A total of 937 flights, including domestic flights and flights to and from the country, were canceled on Christmas Day, up from 690 on Christmas Eve, according to an ongoing review by flight tracking website FlightAware.com. Almost 1,500 flights were delayed.

The Christmas holidays are usually a peak time for air travel, but the rapid spread of the highly transmissible variant of Omicron has resulted in a surge in COVID-19 infections, forcing airlines to cancel flights due to the quarantine of pilots and crew.

United Airlines has canceled 230 flights while American Airlines (NASDAQ 🙂 canceled 90 mainline flights, company representatives said in separate statements.

"This week's nationwide surge in Omicron cases has had a direct impact on our flight crews and the people who run our operations," said United spokeswoman Maddie King. She added that the cancellations made up a small fraction of United's average of 4,000 daily flights during the holiday season.

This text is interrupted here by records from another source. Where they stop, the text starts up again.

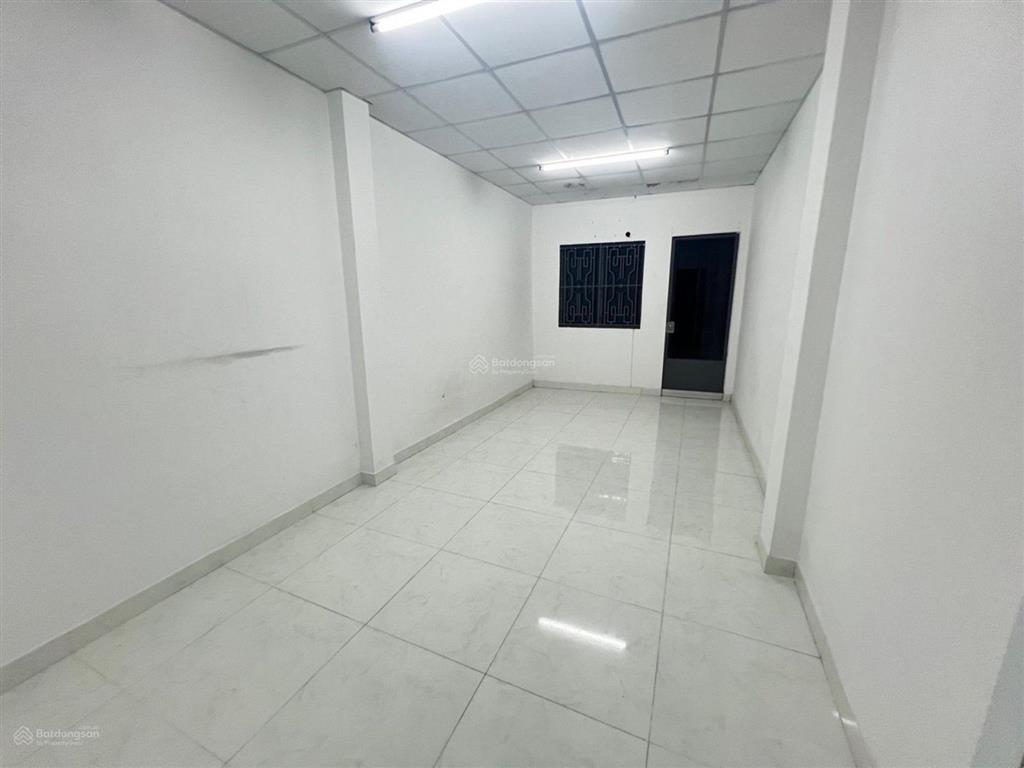 Siêu phẩm. đường 3/2, q.10. hẻm xe hơi 4.6m ô tô vào nhà. dt 41m2. 3.1m  13.4m. bán 8.5 tỷ
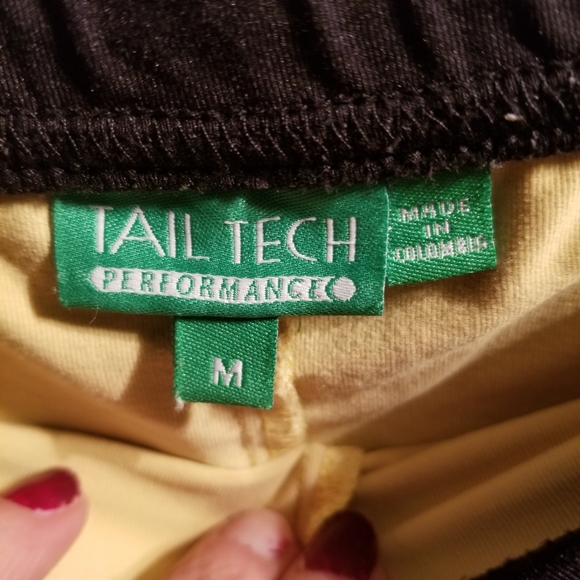 Tail Tech Performance size Medium shorts - Picture 3 of 5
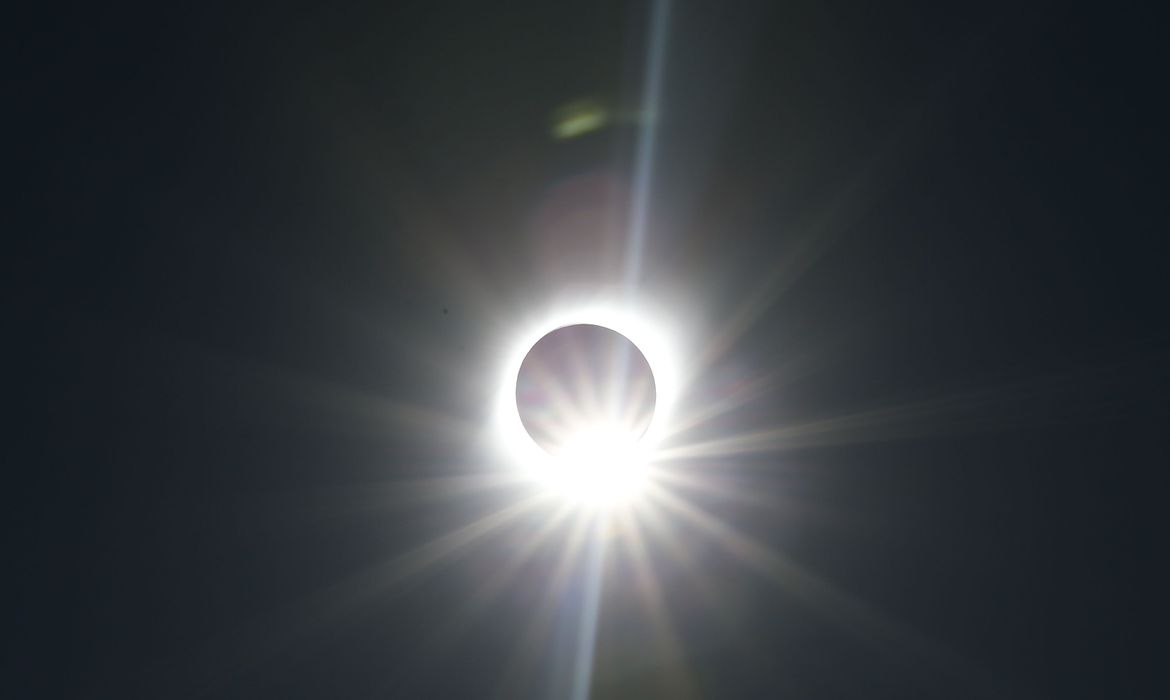 No momento, você está visualizando Brasil terá eclipse solar parcial hoje, entre meio-dia e 15h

"We're working hard to rebook as many people as possible and get them off for the vacation," she said.

Winter weather and Omicron forced Delta Air Lines (NYSE 🙂 to clean 344 main and connecting flights of its approximately 3,000 scheduled flights on Saturday "after all options and resources were exhausted to prevent these cancellations," a company spokesman said, adding In addition, the negative effects on operations are likely to continue on Sunday.

"Delta expects that on Sunday, December 26th, more than 300 of its flights will be canceled," said the spokesman. "Delta employees work together around the clock to divert and replace aircraft and crews to get customers where they need to be as quickly and safely as possible."

Worldwide, FlightAware data showed that almost 2,650 flights were canceled on Saturday and 6,233 more were canceled at 3:27 p.m. EST (2027 GMT).

The US airports hardest hit included Hartford-Jackson International in Atlanta, Newark Liberty International in New Jersey, Los Angeles International and JFK International in New York.

Not all airlines were affected equally. A Southwest Airlines (NYSE 🙂 spokesman said there were no problems with the airline's flights on Saturday.

The Omicron variant was first discovered in November and now accounts for almost three-quarters of US cases, in some areas such as the east coast as much as 90%.

According to a Reuters tally, the average number of new U.S. coronavirus cases rose 45% to 179,000 a day over the past week.

While recent research suggests Omicron causes milder illness and a lower hospitalization rate than previous variants of COVID-19, health officials have been cautious about the outlook.

Before the Christmas break, Americans battled over COVID-19 tests and many continued their travel plans.

US officials have said that people who are fully vaccinated should be comfortable traveling on vacation.